Publisher: Tor
Genre: Hard SF/Space Opera
Pages: 825
Publication Date: 15/09/2020
Verdict: 3/5
As humanity expands into the universe, it finds evidence that it is not alone. Nor is it the first species to come this far. First contact leads to a galactic war, and one woman finds herself caught in the middle of events she cannot possibly understand . . .
To get the obvious out of the way, Christopher Paolini is an author best known for his fantasy works. Now, I was the exact target audience for those earlier works, and it’s in no small part due to Eragon that I became such an avid fantasy reader. As you can expect, I was pretty excited when I learned that Paolini’s next project would be a science fictional work, and I’ve been following updates for what feels like years. This is a book that has been in the making for a very long time, and I will say right off the bat that this really feels like the product of over a decade’s work. It’s well-researched, it’s intricate, and the world feels fully realised. Unfortunately, I’m not the target audience for a book like this, and large parts just didn’t work for me.
Clcoking in at over eight hundred pages, To Sleep in a Sea of Stars is a behemoth of a book. It’s a standalone, but sets up something Paolini is calling ‘The Fractalverse.’ This is an approach I love. Individual stories in a shared world rather than a single story being dragged across multiple volumes. Truth be told, I’ll likely pick up the next Fractalverse book, even though this one didn’t hit the right notes for me. Because the setting is a very interesting one. It’s not often that I find a book that balances scientific rigour with the more action-driven stylings of space opera. Adrian Tchaikovsky’s Children of Time series is one of the few examples of this, and now I can add the Fractalverse to that short list. Paolini’s new novel deals with relativity, fuel economy and the realities of space travel in gratifyingly intricate detail. On a larger scale, it has plausible aliens and an exploration of the Fermi Paradox. Sometimes this does get side-lined in favour of action, but the basis is there, and it’s a strong foundation to build on in future books.

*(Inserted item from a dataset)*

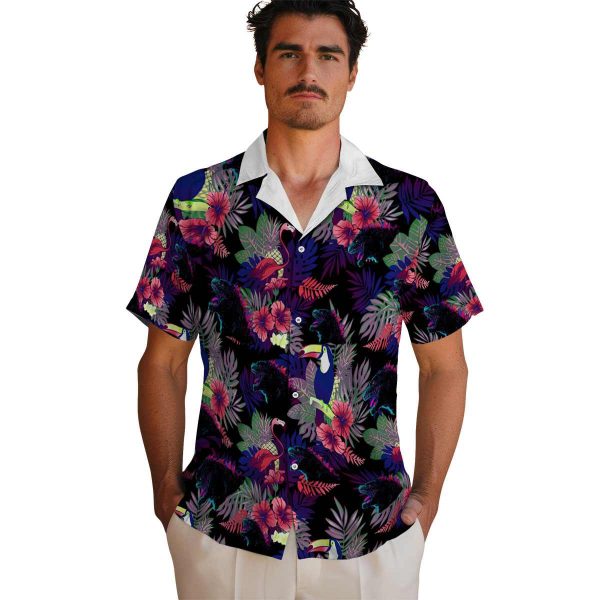 Godzilla Floral Toucan Hawaiian Shirt High quality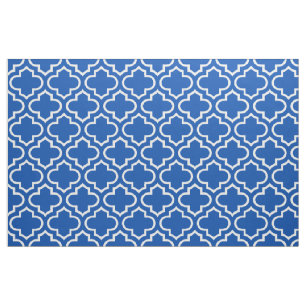 Tissu marocain bleu électrique 02 de motif de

So, you may ask, if all this is so good, why didn’t the book work? You see, I’m not a character-driven reader. Characters exist to propel the plot and reveal the world, and for me, they’re only interesting in what they do and what happens to them. That is where To Sleep in a Sea of Stars falls short of the mark. For the entire book, we follow the same character, and while I have nothing against Kira, this does limit the narrative. The sheer scale of events is difficult to express through just one pair of eyes. In the first person, this could have worked to the book’s advantage, but I found that the single, third person perspective wasn’t up to the task at hand. I had a few other issues with the varying genre style and tone in the early section of the book, but a lack of cohesion was the real issue. if you read books for the characters, I’m sure you’ll get a lot more out this book than I did.
All told, To Sleep in a Sea of Stars is a book with a lot of promise. Though it didn’t work for me, it might do for you, and I’m still interested to see what Paolini delivers next.